On June 22, 1941, when war broke out with the Soviet Union, the Rumanian and German armies were scattered along the banks of the Prut River in order to penetrate into Bukovina and Bessarabia. As this branch of the front became active only on July 3, the Rumanian and German soldiers occupied themselves with slaughtering the Jewish population of Jassy on June 29, 1941. When the soldiers finally went into action, they were joined by units of Einsatzgruppe D, under the command of Otto Ohlendorf. Their combined advance through Bessarabia, Bukovina, and the Dorohoi district was accompanied by massacres of the local Jewish population. At the beginning of August 1941 the Rumanians began to send deportees from Bukovina and Bessarabia over the Dniester River into a German-occupied area of the U.S.S.R. (later to be known as Transnistria). The Germans refused to accept the deportees, shooting some and returning the rest. Some of these Jews drowned in the river and others were shot by the Rumanian gendarmerie on the western bank; of the 25,000 persons who crossed the Dniester near Sampol, only 16,500 were returned by the Germans. Some of these survivors were killed by the Rumanians, and some died of weakness and starvation on the way to camps in Bukovina and Bessarabia. Half of the 320,000 Jews living in Bessarabia, Bukovina, and the Dorohoi district (which was in Old Rumania) were murdered during the first few months of Rumania's involvement in the war, i.e., up to Sept. 1, 1941.

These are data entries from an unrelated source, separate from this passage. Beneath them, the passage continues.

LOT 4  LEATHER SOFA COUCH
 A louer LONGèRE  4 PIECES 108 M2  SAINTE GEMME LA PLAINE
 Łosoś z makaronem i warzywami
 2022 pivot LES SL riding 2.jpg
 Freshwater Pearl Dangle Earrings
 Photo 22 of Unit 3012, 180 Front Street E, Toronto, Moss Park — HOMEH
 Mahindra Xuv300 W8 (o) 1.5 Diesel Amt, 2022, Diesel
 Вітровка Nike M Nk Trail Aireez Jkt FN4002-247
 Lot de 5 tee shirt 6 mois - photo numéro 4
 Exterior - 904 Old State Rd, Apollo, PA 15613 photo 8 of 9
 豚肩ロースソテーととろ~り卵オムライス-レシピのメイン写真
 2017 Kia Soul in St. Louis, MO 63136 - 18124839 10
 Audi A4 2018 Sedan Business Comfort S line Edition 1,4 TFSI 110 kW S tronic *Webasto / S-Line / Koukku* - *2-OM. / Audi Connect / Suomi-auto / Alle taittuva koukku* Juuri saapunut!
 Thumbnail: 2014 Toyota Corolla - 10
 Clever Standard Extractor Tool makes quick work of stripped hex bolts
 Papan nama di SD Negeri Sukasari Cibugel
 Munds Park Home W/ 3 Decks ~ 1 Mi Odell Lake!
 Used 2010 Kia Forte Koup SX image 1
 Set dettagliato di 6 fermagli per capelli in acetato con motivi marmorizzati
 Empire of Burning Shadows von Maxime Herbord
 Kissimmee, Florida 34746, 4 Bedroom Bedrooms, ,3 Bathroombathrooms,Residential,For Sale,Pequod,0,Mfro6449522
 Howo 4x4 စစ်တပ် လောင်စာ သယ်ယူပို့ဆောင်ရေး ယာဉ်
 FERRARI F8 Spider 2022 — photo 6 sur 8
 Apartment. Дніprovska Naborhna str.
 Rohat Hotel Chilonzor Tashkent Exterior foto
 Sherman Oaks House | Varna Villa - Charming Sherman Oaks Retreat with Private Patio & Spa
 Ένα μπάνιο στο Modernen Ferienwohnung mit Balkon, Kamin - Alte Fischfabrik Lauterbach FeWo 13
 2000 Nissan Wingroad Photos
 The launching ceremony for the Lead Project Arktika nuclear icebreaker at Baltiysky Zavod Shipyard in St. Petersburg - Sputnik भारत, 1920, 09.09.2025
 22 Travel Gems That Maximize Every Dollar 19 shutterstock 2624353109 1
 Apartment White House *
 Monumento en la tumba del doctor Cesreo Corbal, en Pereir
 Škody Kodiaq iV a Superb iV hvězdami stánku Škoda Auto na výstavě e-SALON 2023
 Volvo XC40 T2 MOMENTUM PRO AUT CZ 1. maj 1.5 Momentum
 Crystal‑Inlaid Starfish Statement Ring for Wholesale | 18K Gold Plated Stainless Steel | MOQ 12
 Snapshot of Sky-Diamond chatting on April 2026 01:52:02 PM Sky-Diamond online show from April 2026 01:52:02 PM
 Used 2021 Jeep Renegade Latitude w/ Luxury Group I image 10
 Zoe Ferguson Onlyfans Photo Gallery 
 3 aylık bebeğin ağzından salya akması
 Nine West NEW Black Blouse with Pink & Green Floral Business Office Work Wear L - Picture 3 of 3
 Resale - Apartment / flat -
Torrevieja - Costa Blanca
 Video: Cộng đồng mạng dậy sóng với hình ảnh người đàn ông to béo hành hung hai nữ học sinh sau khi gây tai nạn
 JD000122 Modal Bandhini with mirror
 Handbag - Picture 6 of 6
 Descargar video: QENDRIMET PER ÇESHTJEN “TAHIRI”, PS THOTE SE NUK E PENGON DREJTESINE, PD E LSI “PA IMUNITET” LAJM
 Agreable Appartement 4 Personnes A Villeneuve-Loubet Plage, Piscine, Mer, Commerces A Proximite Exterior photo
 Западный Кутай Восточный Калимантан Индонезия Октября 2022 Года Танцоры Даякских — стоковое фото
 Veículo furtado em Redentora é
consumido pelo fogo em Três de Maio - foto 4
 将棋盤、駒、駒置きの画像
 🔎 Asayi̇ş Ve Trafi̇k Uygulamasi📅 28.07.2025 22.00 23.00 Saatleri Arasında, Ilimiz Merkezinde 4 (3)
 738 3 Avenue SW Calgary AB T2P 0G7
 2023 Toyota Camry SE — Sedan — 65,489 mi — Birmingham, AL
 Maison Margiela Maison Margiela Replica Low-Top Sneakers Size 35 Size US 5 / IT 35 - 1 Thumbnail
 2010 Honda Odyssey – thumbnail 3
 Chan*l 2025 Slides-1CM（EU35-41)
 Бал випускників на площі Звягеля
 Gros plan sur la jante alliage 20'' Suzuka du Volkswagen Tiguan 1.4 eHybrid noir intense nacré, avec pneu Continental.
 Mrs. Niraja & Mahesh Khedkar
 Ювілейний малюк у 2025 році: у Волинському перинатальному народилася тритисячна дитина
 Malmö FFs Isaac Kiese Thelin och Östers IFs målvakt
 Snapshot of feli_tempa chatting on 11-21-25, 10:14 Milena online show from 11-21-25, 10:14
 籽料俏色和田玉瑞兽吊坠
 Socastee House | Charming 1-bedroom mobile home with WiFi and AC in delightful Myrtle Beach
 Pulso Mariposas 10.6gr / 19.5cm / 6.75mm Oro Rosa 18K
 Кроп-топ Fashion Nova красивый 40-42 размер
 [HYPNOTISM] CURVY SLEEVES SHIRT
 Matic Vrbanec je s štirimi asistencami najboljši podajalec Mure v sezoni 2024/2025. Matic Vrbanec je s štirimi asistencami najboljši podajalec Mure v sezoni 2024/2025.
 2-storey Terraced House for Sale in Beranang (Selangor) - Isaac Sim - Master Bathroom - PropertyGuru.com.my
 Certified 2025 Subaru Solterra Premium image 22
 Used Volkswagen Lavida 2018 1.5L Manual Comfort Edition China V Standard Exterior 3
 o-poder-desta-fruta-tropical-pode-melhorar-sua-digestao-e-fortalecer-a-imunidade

After this period the Jews were concentrated in ghettos (if they lived in cities), in special camps (if they lived in the countryside, or townlets such as Secureni, Yedintsy, Vertyuzhani, etc.). German killing squads or Rumanian gendarmes, copying the Germans, habitually entered the ghettos and camps, removing Jews and murdering them. Jews living in villages and townlets in Old Rumania (Moldavia, Walachia, and southern Transylvania) were concentrated into the nearest large town. The Jews of northern Moldavia, which bordered on the battle area, were sent to the west of Rumania: men under 60 were sent to the Targu-Jiu camp and the women, children, and aged were sent to towns where the local Jewish population was ordered to care for the deportees (who owned nothing more than the clothing on their backs). The homes and property of these deportees were looted by the local population immediately after they were deported.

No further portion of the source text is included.